On Monday, foreign funds bought shares worth Rs.79.88 crore on a net basis, while domestic financial institutions sold shares worth Rs.17.31 crore, according to data released by the Bombay Stock Exchange. FIIs made a net investment of RS.1, 240.60 crore on Friday, data available with the market regulator SEBI revealed.
With analysts predicting an early recovery, investors look forward to the March IIP data scheduled to be released later in the day for a confirmation of the view. Banking stocks may come under significant selling pressure after their peers on Wall Street took a heavy beating overnight. Auto and steel stocks may be in the stoplight due to industry specific developments.
Currently, most of the markets across the Asia-Pacific region are trading in the red with participants resorting to profit taking after recent sharp gains. Hong Kong's Hang Seng index is the only exception, which is trading up a modest 0.17%.
Wall Street ended on a weak note on Monday with stocks moving mostly lower during the session, as traders chose to take profits after recent strong gains. The major averages all closed firmly in negative territory, although the tech-heavy Nasdaq posted a relatively modest loss. Billionaire investor Warren Buffet's Berkshire Hathaway's weak quarterly numbers also hurt sentiment to an extent.
Banking stocks bore the brunt of pressure on Monday after U.S. Bancorp, BB&T and Capital One revealed plans to sell common stock in order to raise proceeds to repay funds received under the government's financial bailout program. The Dow Jones Industrial Average fell 1.82%, the S&P 500 index drifted down 2.15% and the Nasdaq Composite closed down 0.45%.
Meanwhile, the Indian ADRs closed sharply lower across the board. Among the major decliners, Sterlite Industries slumped 6.78%, Satyam tumbled 5.13%, Wipro fell 4.8%, ICICI Bank declined 3.52%, Reddy's Laboratories shed 1.73% and HDFC Bank moved down 1.46%.
Crude futures ended lower at $58.50 a barrel, down 0.22% in New York trading on Monday, as players booked profits after prices hit a near six-month high on Friday.
Oil markets mirrored the sentiment on Wall Street, where investors cashed in after a two-month climb.
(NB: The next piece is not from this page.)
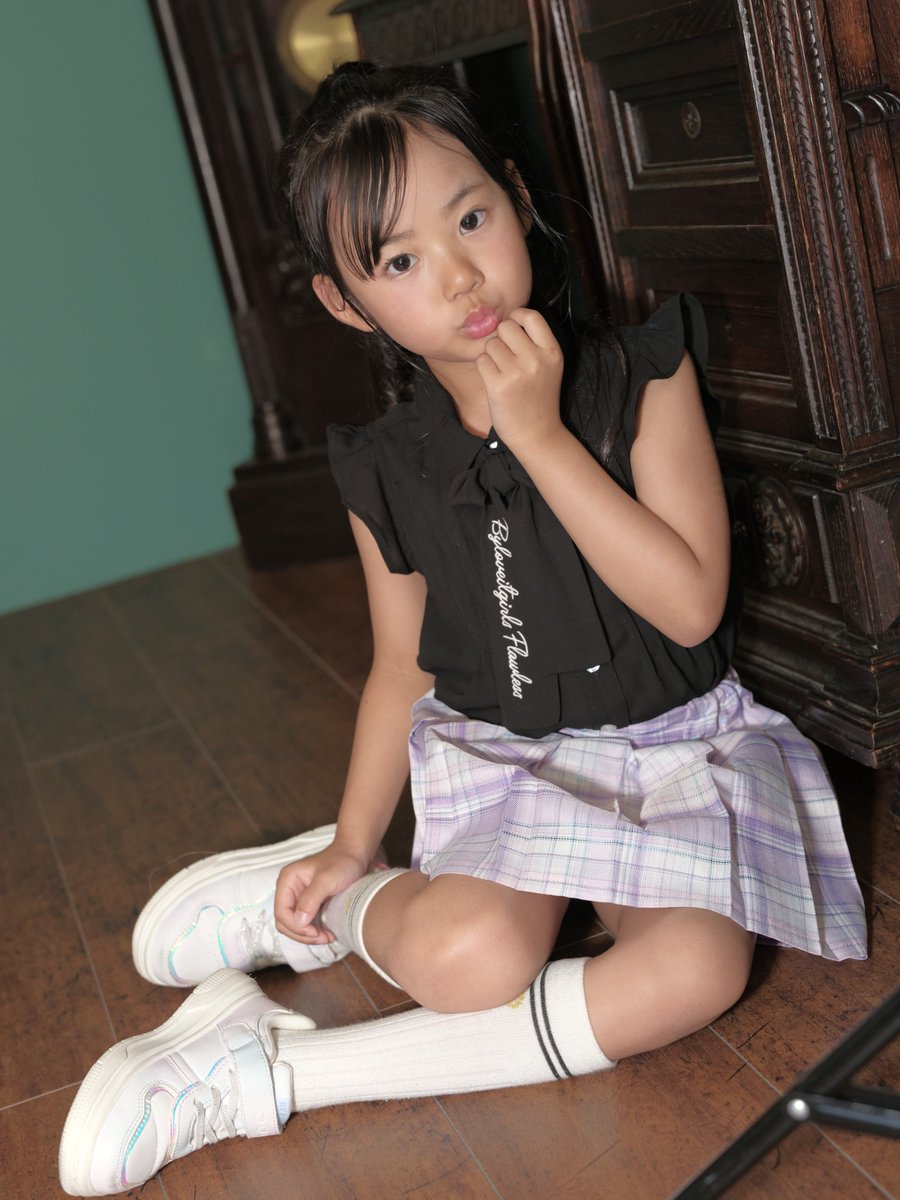 FadingWaterflow's tweet photo. 20260726 みれいさん https://t.co/CVqMn5qI84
The partially convertible rupee finished Monday's session lower at Rs.49.52/53 against the dollar, down 0.5 percent, weighed down by dollar demand from importers and extended losses in the stock market amid fears of a split verdict in general elections.
On Monday, the Indian market ended in the red for the second straight day, weighed down by weak global cues and uncertainty on the outcome of general elections. The benchmark BSE Sensex closed at 11,683, down 193 points or 1.6% from the previous close and the S&P CNX Nifty fell 66 points or 1.8% to 3355. Realty was the worst performing sector, with the BSE Realty index shedding over 5%. Banking, metal, IT and capital goods stocks were the other major decliners.